❤ Saturday, June 07, 2008
why am i blogging at this time?
cos i cant fall back asleep.
why?
cos i woke up with such a bad dream.
it was so bad,
that i really cried while sleeping till i actually woke up..
and den i cried some more.
only realising it was just a dream.
stupid dream..
still fresh in my mind.
the ache still lingering in my heart.
it felt so real..
the lies, the deception..
and there was no remorse or guilt.
thank gawd it was just a dream.
i'll be even more upset if it wasnt.
=(
i dont understand.
why do humans have to cheat on their counter parts?

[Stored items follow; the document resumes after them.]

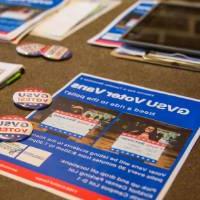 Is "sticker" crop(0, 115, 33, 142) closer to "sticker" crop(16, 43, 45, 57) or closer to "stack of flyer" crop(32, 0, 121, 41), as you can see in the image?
"sticker" crop(16, 43, 45, 57)

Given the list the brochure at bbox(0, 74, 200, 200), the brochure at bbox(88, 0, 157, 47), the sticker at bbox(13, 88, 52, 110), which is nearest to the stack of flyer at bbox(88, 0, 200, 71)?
the brochure at bbox(88, 0, 157, 47)

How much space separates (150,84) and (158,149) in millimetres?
223

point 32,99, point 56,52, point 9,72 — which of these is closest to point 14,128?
point 32,99

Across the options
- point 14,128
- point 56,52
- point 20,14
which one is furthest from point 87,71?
point 20,14

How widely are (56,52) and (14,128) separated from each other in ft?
1.02

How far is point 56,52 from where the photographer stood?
0.91 metres

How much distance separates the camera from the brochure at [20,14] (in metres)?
1.02

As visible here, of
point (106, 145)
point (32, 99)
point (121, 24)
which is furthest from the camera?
point (121, 24)

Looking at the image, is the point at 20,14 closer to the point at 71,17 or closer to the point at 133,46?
the point at 71,17

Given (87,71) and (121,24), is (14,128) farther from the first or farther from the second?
(121,24)

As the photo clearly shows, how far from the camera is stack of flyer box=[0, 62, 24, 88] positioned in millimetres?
805

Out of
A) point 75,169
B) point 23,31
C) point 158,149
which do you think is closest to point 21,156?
point 75,169

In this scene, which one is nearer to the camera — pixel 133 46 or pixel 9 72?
pixel 9 72

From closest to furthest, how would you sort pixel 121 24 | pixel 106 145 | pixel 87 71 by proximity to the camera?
pixel 106 145
pixel 87 71
pixel 121 24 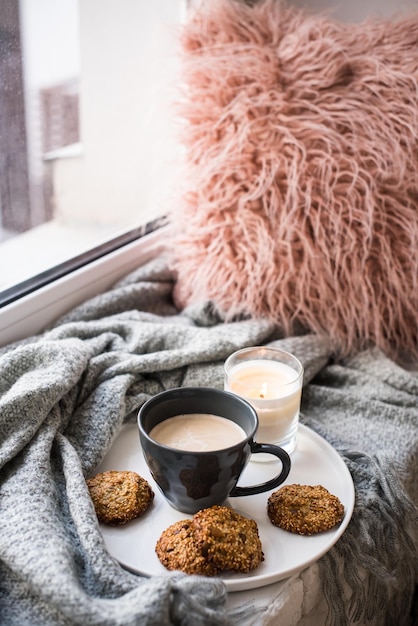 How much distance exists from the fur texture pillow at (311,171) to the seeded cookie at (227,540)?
1.38 feet

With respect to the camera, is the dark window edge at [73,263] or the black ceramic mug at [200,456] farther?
the dark window edge at [73,263]

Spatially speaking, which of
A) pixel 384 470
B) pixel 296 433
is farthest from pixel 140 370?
pixel 384 470

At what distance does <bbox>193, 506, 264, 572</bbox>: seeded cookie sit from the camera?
0.54m

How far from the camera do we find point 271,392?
2.34ft

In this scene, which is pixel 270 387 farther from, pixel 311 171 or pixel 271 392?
pixel 311 171

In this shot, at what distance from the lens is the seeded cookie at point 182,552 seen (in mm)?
535

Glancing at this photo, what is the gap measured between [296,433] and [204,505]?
0.18 meters

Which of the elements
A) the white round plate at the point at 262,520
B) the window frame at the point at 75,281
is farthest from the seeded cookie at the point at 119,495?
the window frame at the point at 75,281

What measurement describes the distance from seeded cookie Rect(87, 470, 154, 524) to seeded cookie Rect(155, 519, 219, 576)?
5 centimetres

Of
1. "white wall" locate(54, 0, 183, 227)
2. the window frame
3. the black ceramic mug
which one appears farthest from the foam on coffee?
"white wall" locate(54, 0, 183, 227)

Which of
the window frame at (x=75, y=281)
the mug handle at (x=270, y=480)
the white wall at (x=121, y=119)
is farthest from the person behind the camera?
the white wall at (x=121, y=119)

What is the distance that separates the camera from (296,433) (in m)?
0.72

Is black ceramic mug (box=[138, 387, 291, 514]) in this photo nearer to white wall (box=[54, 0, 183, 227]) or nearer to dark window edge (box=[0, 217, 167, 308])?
dark window edge (box=[0, 217, 167, 308])

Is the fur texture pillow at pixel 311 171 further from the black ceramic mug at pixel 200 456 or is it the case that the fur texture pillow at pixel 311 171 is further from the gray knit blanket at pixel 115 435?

be it lust with the eyes, or really having a scandal,
betrayal is betrayal.
in the bible it says that even lusting a woman with your eyes is already a
SIN & an act of
ADULTERY.is not one woman already a hassle?

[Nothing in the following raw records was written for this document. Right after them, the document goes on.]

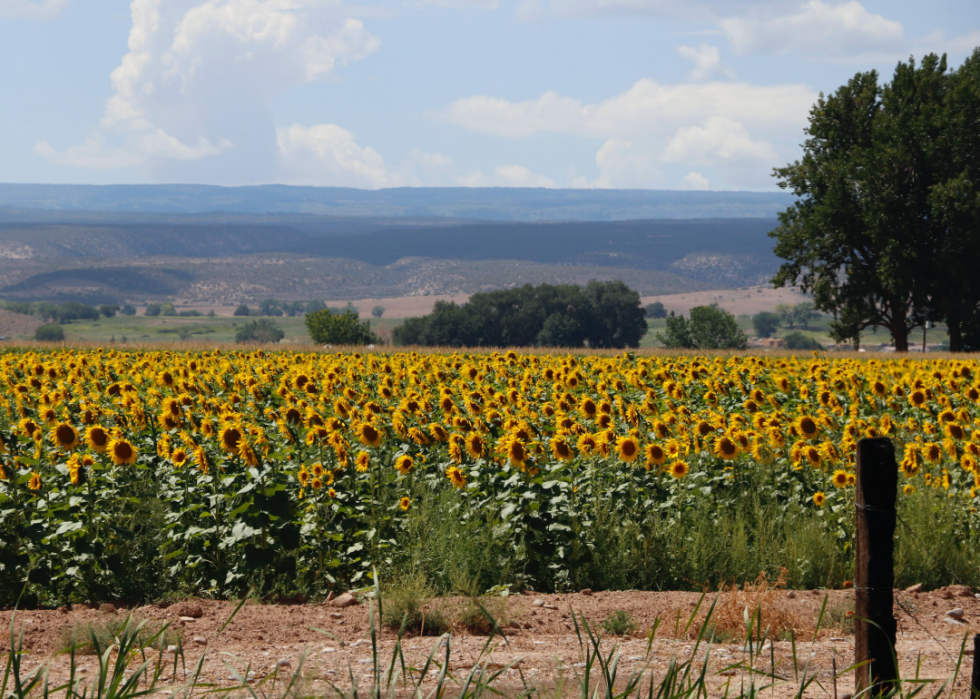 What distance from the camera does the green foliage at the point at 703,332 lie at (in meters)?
82.8

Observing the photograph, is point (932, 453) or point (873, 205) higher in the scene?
point (873, 205)

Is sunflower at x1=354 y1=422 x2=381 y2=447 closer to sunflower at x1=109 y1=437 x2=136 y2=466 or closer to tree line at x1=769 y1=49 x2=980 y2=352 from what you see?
sunflower at x1=109 y1=437 x2=136 y2=466

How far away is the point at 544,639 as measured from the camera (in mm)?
6207

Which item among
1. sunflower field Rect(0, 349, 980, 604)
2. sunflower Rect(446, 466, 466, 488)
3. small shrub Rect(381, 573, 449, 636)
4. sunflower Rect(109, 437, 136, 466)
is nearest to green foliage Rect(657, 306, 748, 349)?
sunflower field Rect(0, 349, 980, 604)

or is she not good enough?
if she isnt, den why bother being with her?
(i can never understand that part abt men. =/)how could one just pretend nothing has happen?
why is there often no remorse or guilt?
or maybe she's too good for you that you dont realise what you've got till
YOU LOSE IT, loser..
i hate this.
i hate people who does all these sort of things.
the law should implant a new rule,
that any male that cheats on a woman have his balls squeezed till flat & his kuku castrated.and you ask,
what about the female?
well, i'll leave to you to decide..
(yes, i do know of females who cheat on their male species)but to me,
males have the frequent tendency to do it more den a female.
maybe its cos im a female,
or probably i'll never stoop so low.
im loyal & when i give my heart to someone, i really do.
call me a feminist.
i dont care..
stupid dream.
i hate you.
i wish i had the power to control dreams.
i'll erase you.
& den i'll probably still be peacefully asleep now.